Wind Tunnel and Grid Resolution Effects in Large-Eddy Simulations of the High-Lift Common Research Model

Abstract

This paper describes the application of a compressible large-eddy simulation (LES) solver to the flow over the High-Lift Common Research Model (CRM-HL) in landing configuration, a complex external aerodynamic flow configuration with deployed slats, flaps, a flow-through nacelle, and the associated brackets/fairings on the high-lift devices. The bulk Mach number is (0.2) and the mean-aerodynamic-chord-based Reynolds number is typical of a wind tunnel experiment (5.49E6). A key development in these simulations relative to previous work is that this work serves to establish robustness of LES methods to Reynolds number and aircraft configuration. Previous studies focused on the Japan Aerospace Exploration Agency Standard Model, which featured a nearly 3× lower Reynolds number than the present CRM-HL investigation and less aggressive wing/slat leading-edge curvature than the CRM-HL geometry, which led to lower leading-edge pressure suction peak magnitudes, both of which led to less stringent grid resolution requirements.
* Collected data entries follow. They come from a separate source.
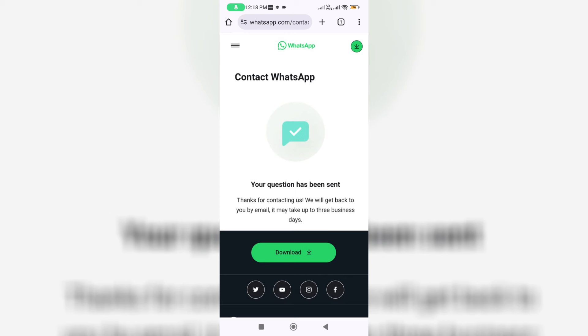So otherwise, if you didn't get any updates, just comment to me. I'll give some more ideas to fix this WhatsApp issue.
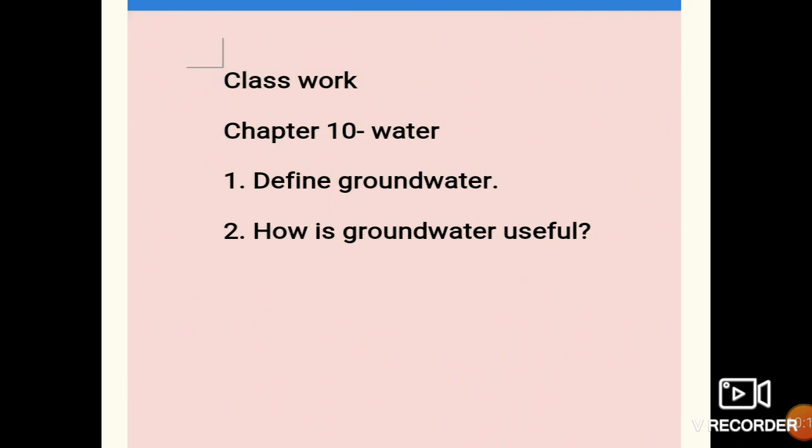Now let us come to classwork. I hope you understood these two topics — rain and snow as natural sources of water. The first classwork question is: define groundwater. You have to write what groundwater is — a part of rainwater that goes underground is known as groundwater. The second question is: how is groundwater useful? Write one or two points and show me during the period.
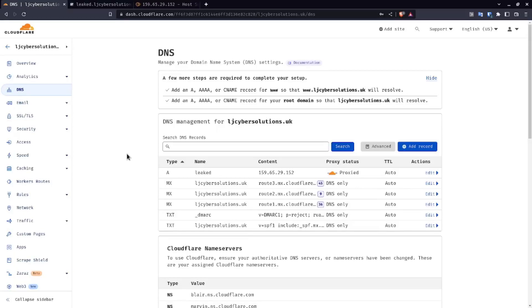In today's video, I'm going to be walking through one of the most common misconfigurations that happens when you're moving from on-premise or you have a VPS in the cloud and you move your DNS and your proxy status to Cloudflare.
In these LES simulations, an algebraic equilibrium wall modeling approach is employed along with a dynamic implementation of the Smagorinsky subgrid-scale model. The calculations are carried out in both a free air setting and one that includes the wind tunnel facility at seven angles of attack at five grid resolution levels, ranging from ≈10 to 1500 million control volumes. In free air, the solutions show decreasing sensitivity to the grid with each successive refinement level and systematically approach the experimental lift coefficient data as the grid is refined, with the 1.5 billion control volume case showing excellent agreement with the corrected experimental data. The simulations in both free air and in the wind tunnel predict a stall mechanism featuring a large inboard juncture stall and a nose-down break in the pitching moment curve, both of which agree with the experimental observations. The accuracy of the simulations is assessed via comparisons of integrated forces/moments, surface pressures, and surface skin friction visualizations. Graphics processing unit (GPU) acceleration of the charLES solver results in tractable turnaround times that make LES a useful tool in the aerospace industry design cycle. Recent GPU acceleration of the flow solver has made LES solutions that are highly accurate in lift/drag/moment for relevant high-lift aircraft flows achievable within about 5 h of wall time on 600 GPU cores.